When you decide to start a business, one of the most important decisions you’ll need to make is choosing the right business entity. It’s a decision that impacts many things–from the amount of taxes you pay to how much paperwork you have to deal with and what type of personal liability you face.
Forms of Business
The most common forms of business are Sole Proprietorships, Partnerships, Limited Liability Companies (LLCs), and Corporations (C-Corporations). Federal tax law also recognizes another business form called the S-Corporation. While state law controls the formation of your business, federal tax law controls how your business is taxed.
What to Consider
Businesses fall under one of two federal tax systems:
1. Taxation of both the entity itself on the income it earns and the owners on dividends or other profit participation the owners receive from the business. C-Corporations fall under this system of federal taxation.
2. “Pass through” taxation. This type of entity (also called a “flow-through” entity) is not taxed, but its owners are each taxed (more or less) on their proportionate shares of the entity’s income.
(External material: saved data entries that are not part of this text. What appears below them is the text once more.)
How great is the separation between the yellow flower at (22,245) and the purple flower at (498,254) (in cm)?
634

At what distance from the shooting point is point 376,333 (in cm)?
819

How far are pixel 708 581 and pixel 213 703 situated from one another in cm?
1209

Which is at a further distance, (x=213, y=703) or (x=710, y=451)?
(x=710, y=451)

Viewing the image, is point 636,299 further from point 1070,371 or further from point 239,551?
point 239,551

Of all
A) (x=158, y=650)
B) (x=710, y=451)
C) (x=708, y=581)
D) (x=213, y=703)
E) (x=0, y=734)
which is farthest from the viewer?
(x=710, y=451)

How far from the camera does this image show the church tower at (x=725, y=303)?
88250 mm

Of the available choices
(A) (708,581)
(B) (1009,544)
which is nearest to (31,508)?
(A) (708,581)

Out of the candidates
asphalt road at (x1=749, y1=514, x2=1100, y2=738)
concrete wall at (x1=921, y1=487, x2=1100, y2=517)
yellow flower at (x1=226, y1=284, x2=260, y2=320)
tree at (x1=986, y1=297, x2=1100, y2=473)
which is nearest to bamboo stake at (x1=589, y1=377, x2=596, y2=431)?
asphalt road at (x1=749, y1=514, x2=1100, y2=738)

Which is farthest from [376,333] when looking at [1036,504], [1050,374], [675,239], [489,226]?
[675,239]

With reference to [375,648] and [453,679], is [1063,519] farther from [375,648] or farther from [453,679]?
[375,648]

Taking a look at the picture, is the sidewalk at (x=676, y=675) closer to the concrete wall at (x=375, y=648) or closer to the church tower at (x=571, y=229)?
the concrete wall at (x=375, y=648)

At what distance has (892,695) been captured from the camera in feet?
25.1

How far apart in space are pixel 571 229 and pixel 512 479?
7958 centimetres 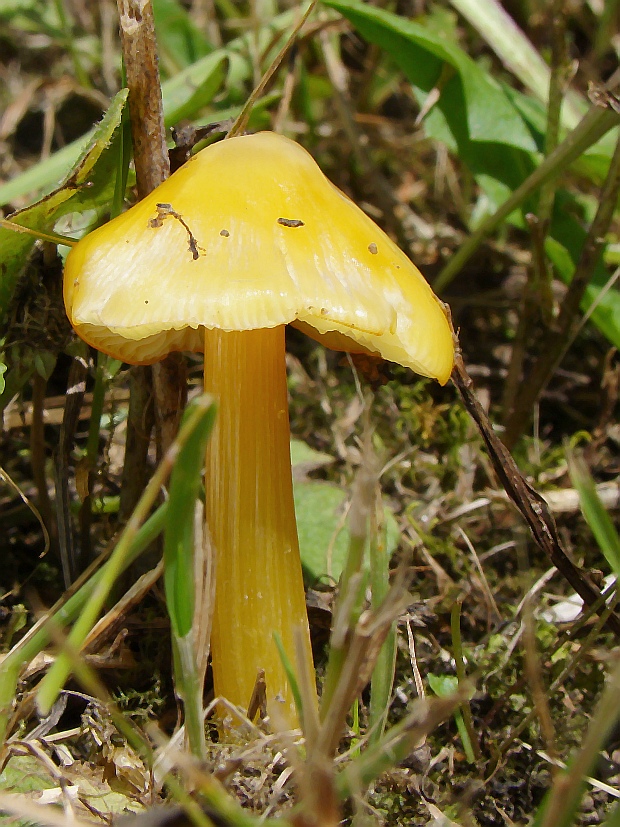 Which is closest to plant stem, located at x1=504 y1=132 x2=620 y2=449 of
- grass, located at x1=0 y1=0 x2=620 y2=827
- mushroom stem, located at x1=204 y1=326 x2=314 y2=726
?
grass, located at x1=0 y1=0 x2=620 y2=827

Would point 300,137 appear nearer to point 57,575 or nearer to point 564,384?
point 564,384

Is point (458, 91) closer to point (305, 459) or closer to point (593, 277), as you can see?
point (593, 277)

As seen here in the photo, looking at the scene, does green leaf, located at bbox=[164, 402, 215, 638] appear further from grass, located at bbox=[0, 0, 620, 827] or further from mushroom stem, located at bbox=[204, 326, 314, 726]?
mushroom stem, located at bbox=[204, 326, 314, 726]

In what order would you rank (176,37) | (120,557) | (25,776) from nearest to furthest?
(120,557) < (25,776) < (176,37)

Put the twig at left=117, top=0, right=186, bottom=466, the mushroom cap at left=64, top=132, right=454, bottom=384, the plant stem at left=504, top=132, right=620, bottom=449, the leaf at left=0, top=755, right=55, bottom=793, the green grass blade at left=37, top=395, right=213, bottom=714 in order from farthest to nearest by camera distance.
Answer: the plant stem at left=504, top=132, right=620, bottom=449 → the twig at left=117, top=0, right=186, bottom=466 → the leaf at left=0, top=755, right=55, bottom=793 → the mushroom cap at left=64, top=132, right=454, bottom=384 → the green grass blade at left=37, top=395, right=213, bottom=714

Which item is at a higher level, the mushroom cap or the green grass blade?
the mushroom cap

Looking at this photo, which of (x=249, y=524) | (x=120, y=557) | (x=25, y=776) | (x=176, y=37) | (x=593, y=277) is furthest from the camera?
(x=176, y=37)

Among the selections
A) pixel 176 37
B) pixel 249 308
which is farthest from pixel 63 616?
pixel 176 37
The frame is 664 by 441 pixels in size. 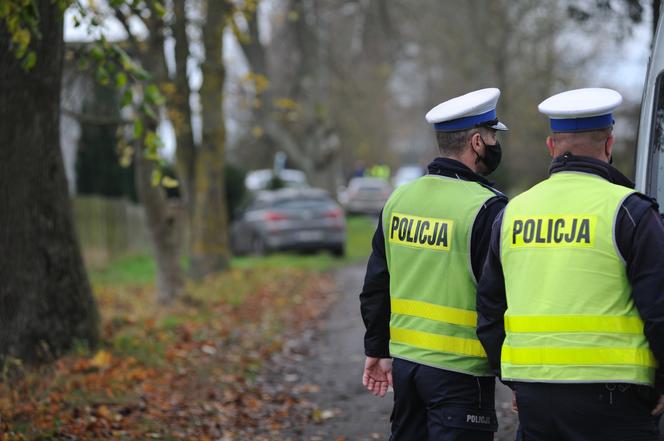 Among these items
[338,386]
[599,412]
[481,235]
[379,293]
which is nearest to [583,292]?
[599,412]

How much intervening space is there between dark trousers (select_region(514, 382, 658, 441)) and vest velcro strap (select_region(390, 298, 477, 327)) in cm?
72

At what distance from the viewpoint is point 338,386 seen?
9.60 metres

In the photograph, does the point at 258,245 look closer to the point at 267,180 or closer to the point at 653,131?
the point at 267,180

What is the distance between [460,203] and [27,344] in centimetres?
528

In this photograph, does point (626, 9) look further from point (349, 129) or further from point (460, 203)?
point (349, 129)

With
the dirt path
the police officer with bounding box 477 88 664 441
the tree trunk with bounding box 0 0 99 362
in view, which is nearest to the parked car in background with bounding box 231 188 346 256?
the dirt path

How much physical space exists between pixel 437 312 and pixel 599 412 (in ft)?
3.30

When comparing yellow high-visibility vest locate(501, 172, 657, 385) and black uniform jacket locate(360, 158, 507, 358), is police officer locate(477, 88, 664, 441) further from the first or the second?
black uniform jacket locate(360, 158, 507, 358)

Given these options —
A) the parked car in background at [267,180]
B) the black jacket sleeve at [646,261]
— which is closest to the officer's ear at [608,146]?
the black jacket sleeve at [646,261]

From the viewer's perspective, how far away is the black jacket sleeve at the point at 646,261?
11.5 ft

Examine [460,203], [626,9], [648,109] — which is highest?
[626,9]

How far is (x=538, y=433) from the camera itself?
3.76 m

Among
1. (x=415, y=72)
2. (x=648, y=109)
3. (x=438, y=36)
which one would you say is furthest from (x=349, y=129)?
(x=648, y=109)

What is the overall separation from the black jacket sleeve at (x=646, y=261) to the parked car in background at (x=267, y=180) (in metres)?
29.4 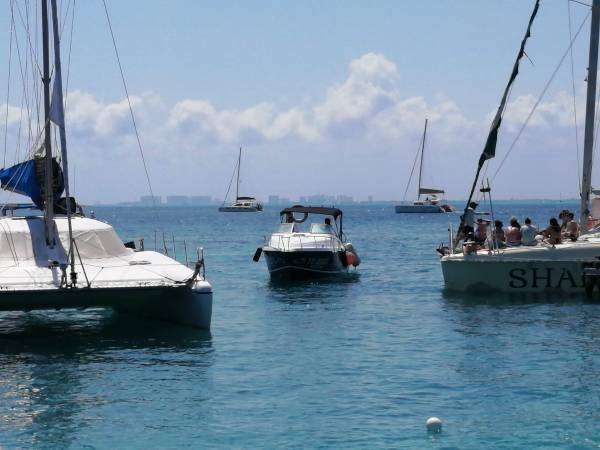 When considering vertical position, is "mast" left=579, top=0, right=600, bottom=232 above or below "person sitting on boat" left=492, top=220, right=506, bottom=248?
above

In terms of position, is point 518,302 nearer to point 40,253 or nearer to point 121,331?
point 121,331

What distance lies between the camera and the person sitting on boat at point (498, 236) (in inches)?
1136

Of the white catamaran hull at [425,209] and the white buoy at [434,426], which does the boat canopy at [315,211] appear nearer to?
the white buoy at [434,426]

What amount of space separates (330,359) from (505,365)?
3.43m

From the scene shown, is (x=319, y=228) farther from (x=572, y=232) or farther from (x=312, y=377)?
(x=312, y=377)

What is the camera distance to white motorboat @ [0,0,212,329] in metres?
20.4

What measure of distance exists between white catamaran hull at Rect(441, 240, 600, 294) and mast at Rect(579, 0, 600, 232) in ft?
7.46

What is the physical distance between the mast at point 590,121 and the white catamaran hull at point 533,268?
7.46ft

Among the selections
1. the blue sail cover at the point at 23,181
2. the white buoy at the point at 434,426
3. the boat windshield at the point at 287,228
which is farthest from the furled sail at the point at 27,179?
the white buoy at the point at 434,426

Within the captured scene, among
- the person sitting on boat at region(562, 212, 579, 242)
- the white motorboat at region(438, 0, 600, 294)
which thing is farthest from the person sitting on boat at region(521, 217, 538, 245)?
the person sitting on boat at region(562, 212, 579, 242)

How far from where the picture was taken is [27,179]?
2509 cm

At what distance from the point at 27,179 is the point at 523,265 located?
13.9 meters

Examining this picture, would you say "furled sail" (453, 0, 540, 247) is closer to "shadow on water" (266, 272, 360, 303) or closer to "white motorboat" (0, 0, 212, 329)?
"shadow on water" (266, 272, 360, 303)

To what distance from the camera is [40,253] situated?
22984 mm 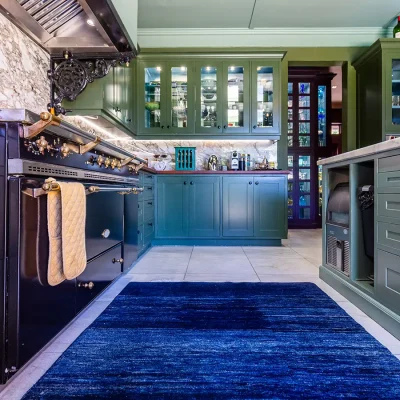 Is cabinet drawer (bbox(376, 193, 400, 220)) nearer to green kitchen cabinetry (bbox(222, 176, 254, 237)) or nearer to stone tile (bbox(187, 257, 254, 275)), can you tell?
stone tile (bbox(187, 257, 254, 275))

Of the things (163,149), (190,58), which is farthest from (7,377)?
(190,58)

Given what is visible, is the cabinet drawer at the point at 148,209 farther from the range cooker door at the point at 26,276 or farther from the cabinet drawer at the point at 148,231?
the range cooker door at the point at 26,276

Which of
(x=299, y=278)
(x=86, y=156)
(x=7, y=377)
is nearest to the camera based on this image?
(x=7, y=377)

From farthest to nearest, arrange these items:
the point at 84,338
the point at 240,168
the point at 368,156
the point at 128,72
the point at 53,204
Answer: the point at 240,168 → the point at 128,72 → the point at 368,156 → the point at 84,338 → the point at 53,204

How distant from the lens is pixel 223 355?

Pass-through entities include:
- Sole Proprietorships
- Partnerships, of various types
- Limited liability companies (LLCs)
- “S-Corporations” (S-Corps), as distinguished from C-corporations (C-Corps)
The first major consideration when choosing a business entity is whether to choose one that has two levels of tax on income or one that is a pass-through entity with only one level directly on the owners.
The second consideration, which has more to do with business considerations rather than tax considerations, is the limitation of liability (protecting your assets from claims of business creditors).